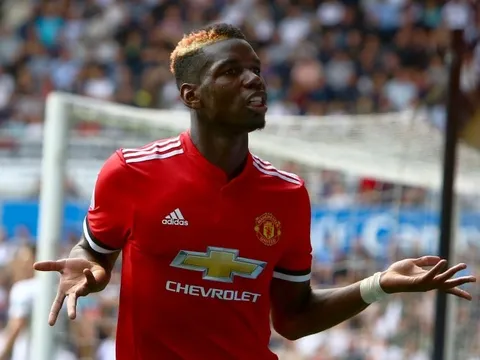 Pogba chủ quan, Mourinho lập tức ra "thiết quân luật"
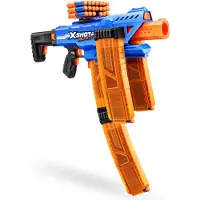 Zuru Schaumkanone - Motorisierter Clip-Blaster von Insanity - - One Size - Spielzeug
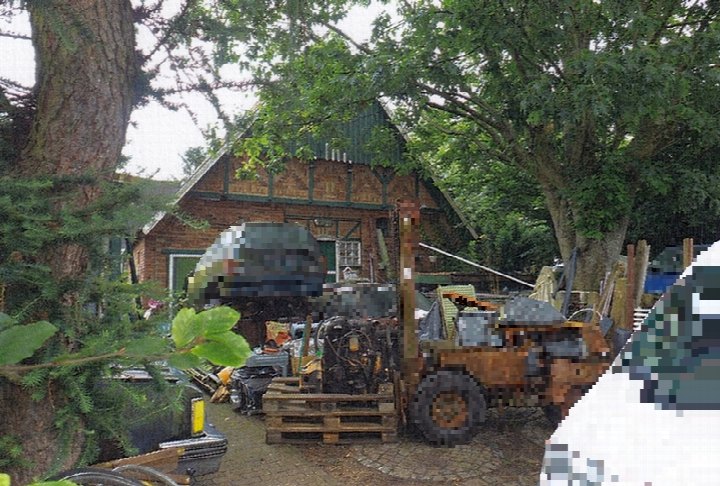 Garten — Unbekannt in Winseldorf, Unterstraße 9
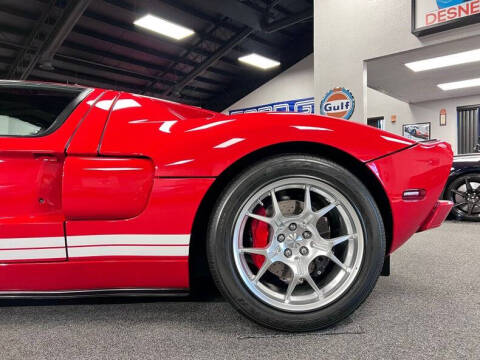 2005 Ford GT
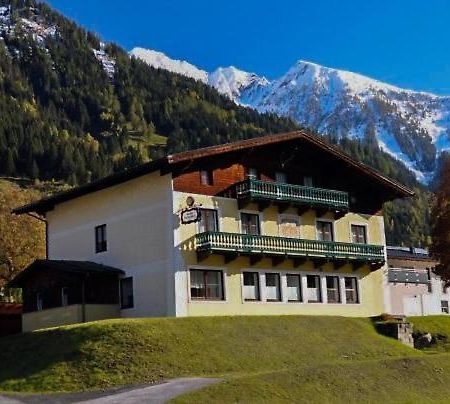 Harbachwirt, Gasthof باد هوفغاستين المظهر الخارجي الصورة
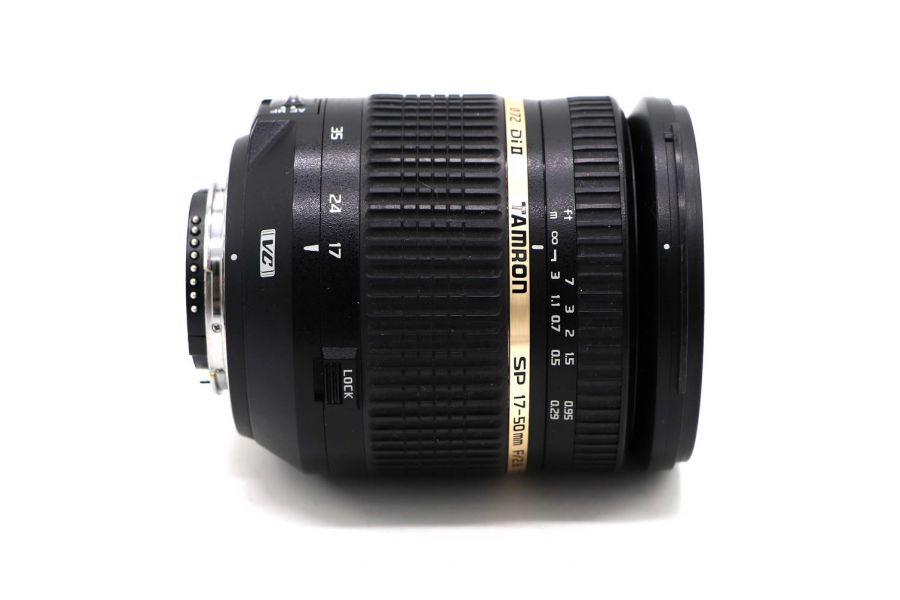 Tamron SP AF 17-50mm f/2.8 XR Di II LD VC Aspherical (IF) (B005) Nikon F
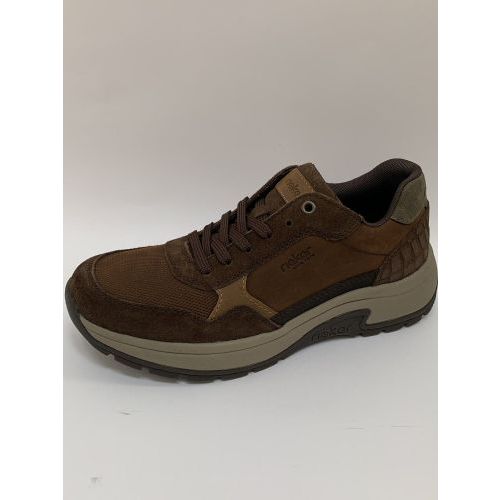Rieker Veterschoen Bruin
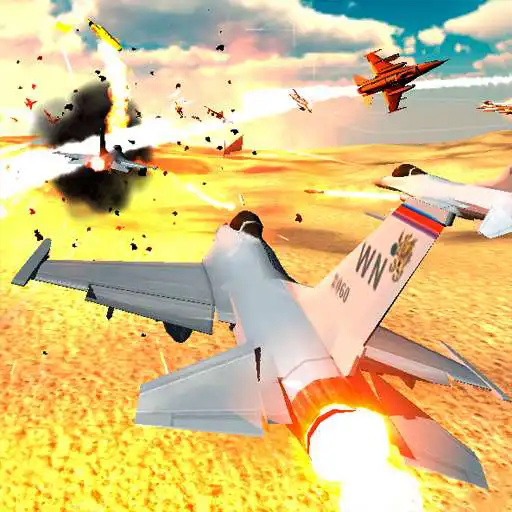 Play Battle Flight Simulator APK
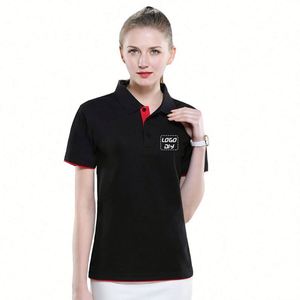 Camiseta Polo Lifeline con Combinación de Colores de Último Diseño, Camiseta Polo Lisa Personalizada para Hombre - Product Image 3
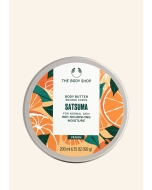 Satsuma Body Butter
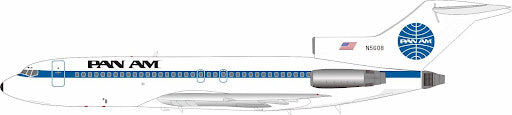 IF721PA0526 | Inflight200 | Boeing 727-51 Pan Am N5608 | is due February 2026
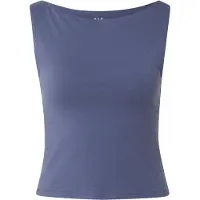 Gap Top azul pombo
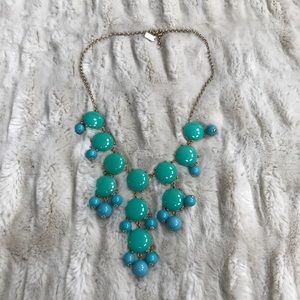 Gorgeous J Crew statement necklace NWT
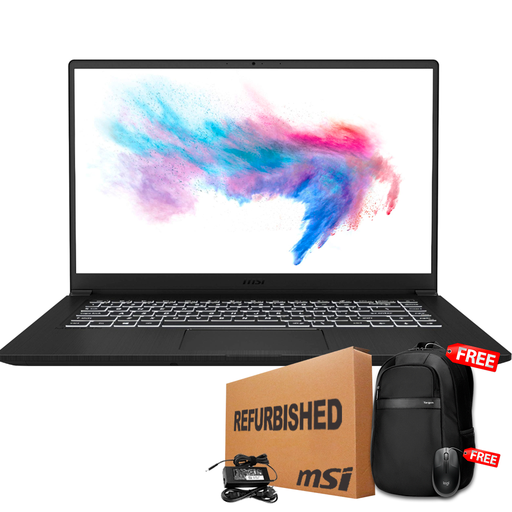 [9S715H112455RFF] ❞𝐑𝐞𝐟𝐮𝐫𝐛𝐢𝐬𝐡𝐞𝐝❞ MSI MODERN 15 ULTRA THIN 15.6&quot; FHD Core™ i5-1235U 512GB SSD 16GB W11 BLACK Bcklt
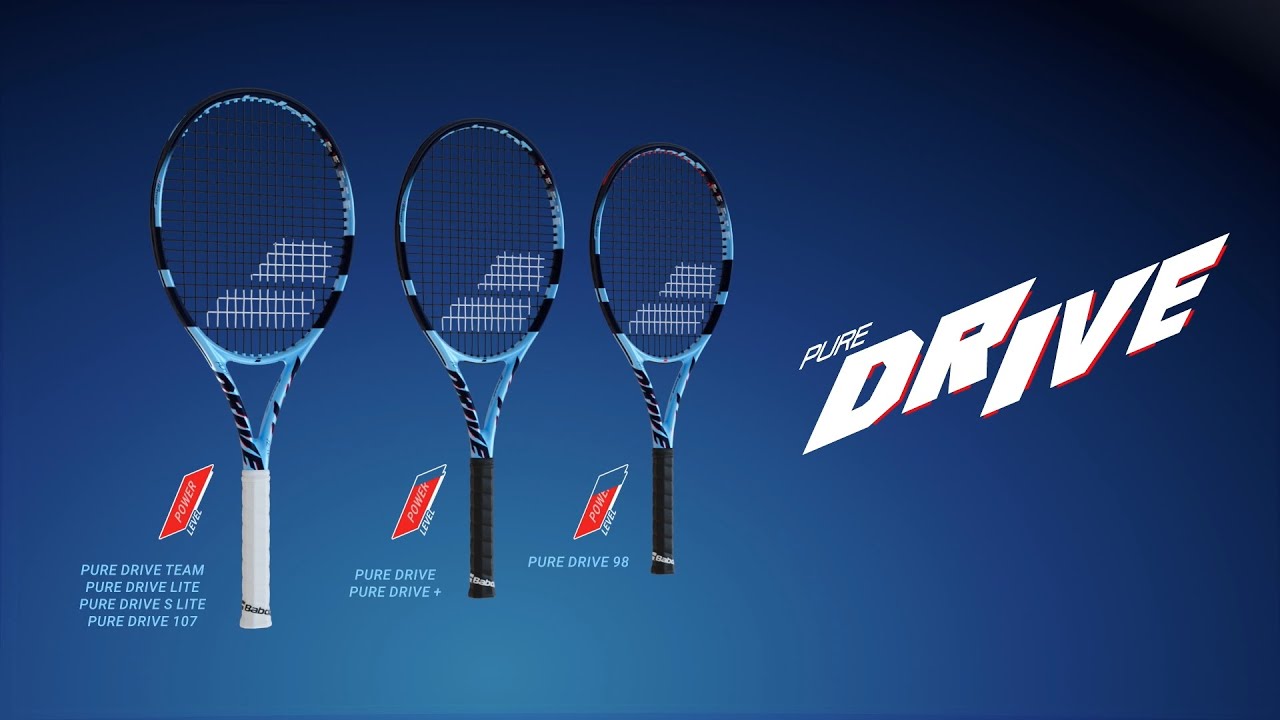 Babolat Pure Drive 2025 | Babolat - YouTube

☆ ☆ ☆ ☆ ☆

Only the lines from the one with "Gorgeous J Crew statement necklace NWT" through the final line of the entries above are to be repeated, exactly as written and without pictures.

 Gorgeous J Crew statement necklace NWT
 [9S715H112455RFF] ❞𝐑𝐞𝐟𝐮𝐫𝐛𝐢𝐬𝐡𝐞𝐝❞ MSI MODERN 15 ULTRA THIN 15.6&quot; FHD Core™ i5-1235U 512GB SSD 16GB W11 BLACK Bcklt
 Babolat Pure Drive 2025 | Babolat - YouTube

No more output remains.